After Fidel Castro came to power in Havana in 1959, Russell would have known many secrets about Cuba, especially. He knew how the Kennedy administration had struggled since its first days in power to oust the Cuban government. That appeared to explain why, in his conversations with President Johnson and others after the assassination, Russell sensed, almost immediately, that Castro might have been involved, and if not Castro personally, some element of the Cuban government that believed it was operating on his behalf. He offered no similar dark suspicions about Soviet leaders.

Russell also sensed that, whatever the truth about the assassination, the CIA and the FBI were not necessarily eager to find it, if only to protect themselves from the discovery that there had been a conspiracy that the two agencies should have been able to disrupt. In his office files, Russell kept a small, ominous note that he had written to himself after the first meeting of the commission back in December. “Something strange is happening,” he wrote, referring to the investigation by the CIA and FBI of Oswald’s visit to Mexico. The investigation was only just getting under way, yet there already seemed to be a rush to demonstrate that Oswald was the lone assassin, whatever the evidence—to show that Oswald was the “only one ever considered” as the assassin, Russell wrote. “This to me is an untenable position.”

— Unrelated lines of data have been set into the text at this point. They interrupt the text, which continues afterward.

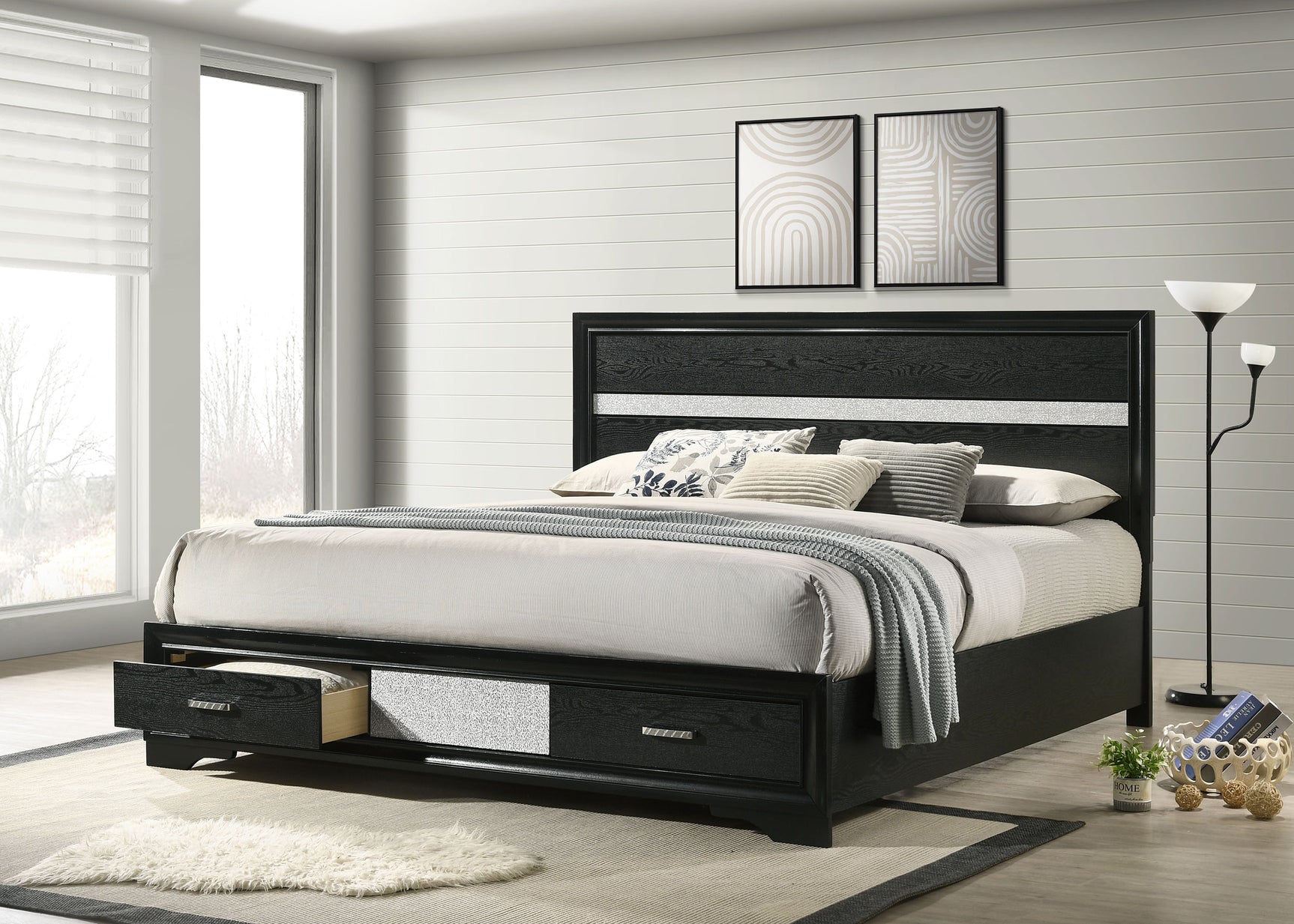 Miranda 51-inch Wood Eastern King Storage Panel Bed Black - Tampa Furniture Outlet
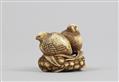 An ivory netsuke of two quails on millet. Early 19th century - image-4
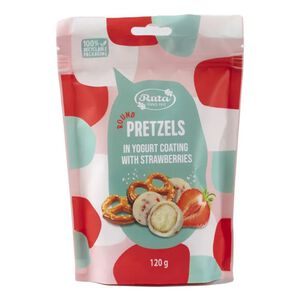 Round Pretzels in yogurt coating with strawberries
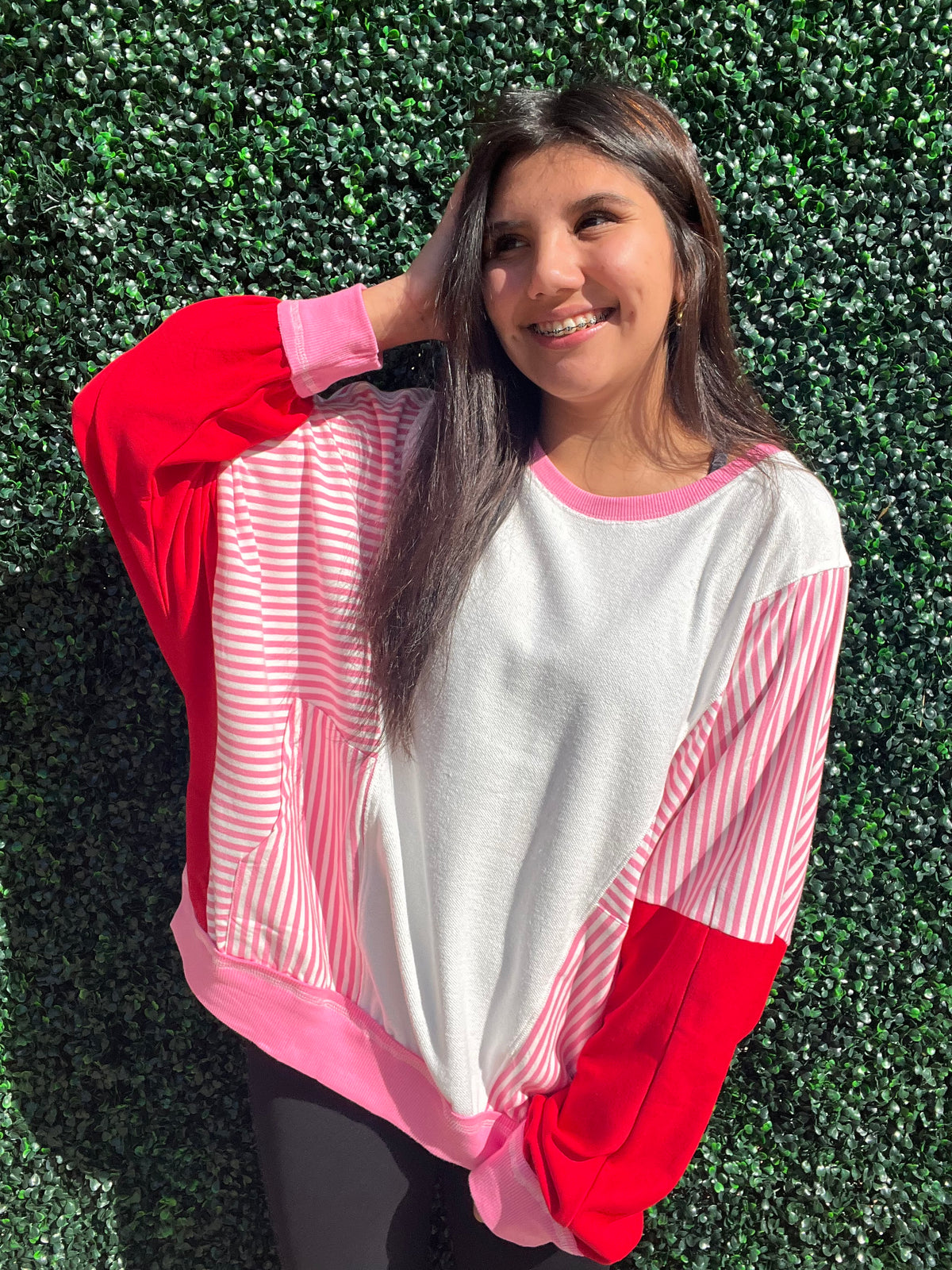 Top | Rose Red Stripe Batwing Sleeve Pocketed Sweatshirt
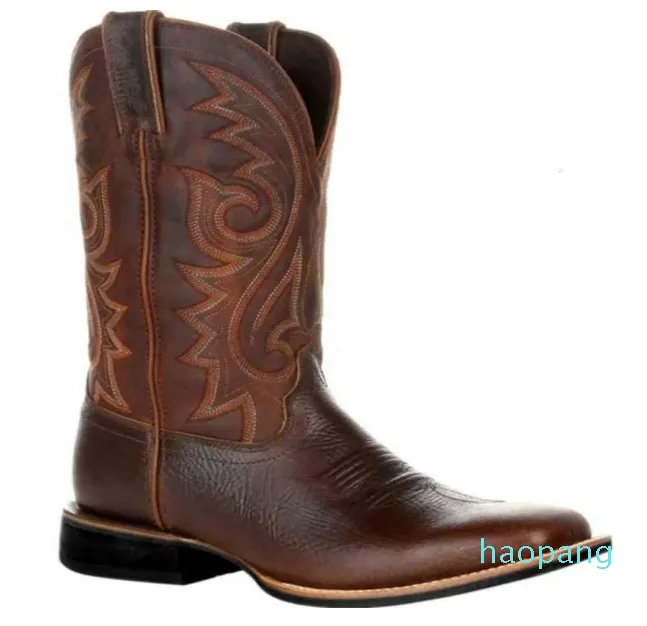 Cuir hiver rétro hommes femmes Laarzen né Western unisexe grande chaussure 48Shoes4490811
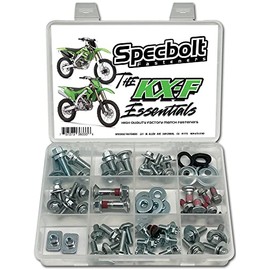 Specbolt KX 250F 450F Essentials Bolt Kit Fits: All Kawasaki KXF250 KXF450 KXF 250 450 Kick Start Seat Subframe Fenders Brake Rotors Sprocket Fork Guards and much more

He knew that the CIA and the FBI had insisted from the start that they could find no evidence of a foreign plot. But through long experience, he also knew that the agencies were capable of lying—or so muddying the facts that no one would ever be able to figure out the truth. Also alarming to Russell was the possibility that Warren was being privately briefed—by the CIA? the White House? the president himself?—regarding sensitive elements of the investigation. At that first December meeting, he wrote, the chief justice seemed to know more about the possibility of Cuban involvement than he was telling. Warren appeared to know, for example, about the unconfirmed report from the CIA that Oswald might have received thousands of dollars at the Cuban embassy in Mexico. It surprised Russell that Warren had already been told that. The chief justice “knew all I did and more about [the] CIA.”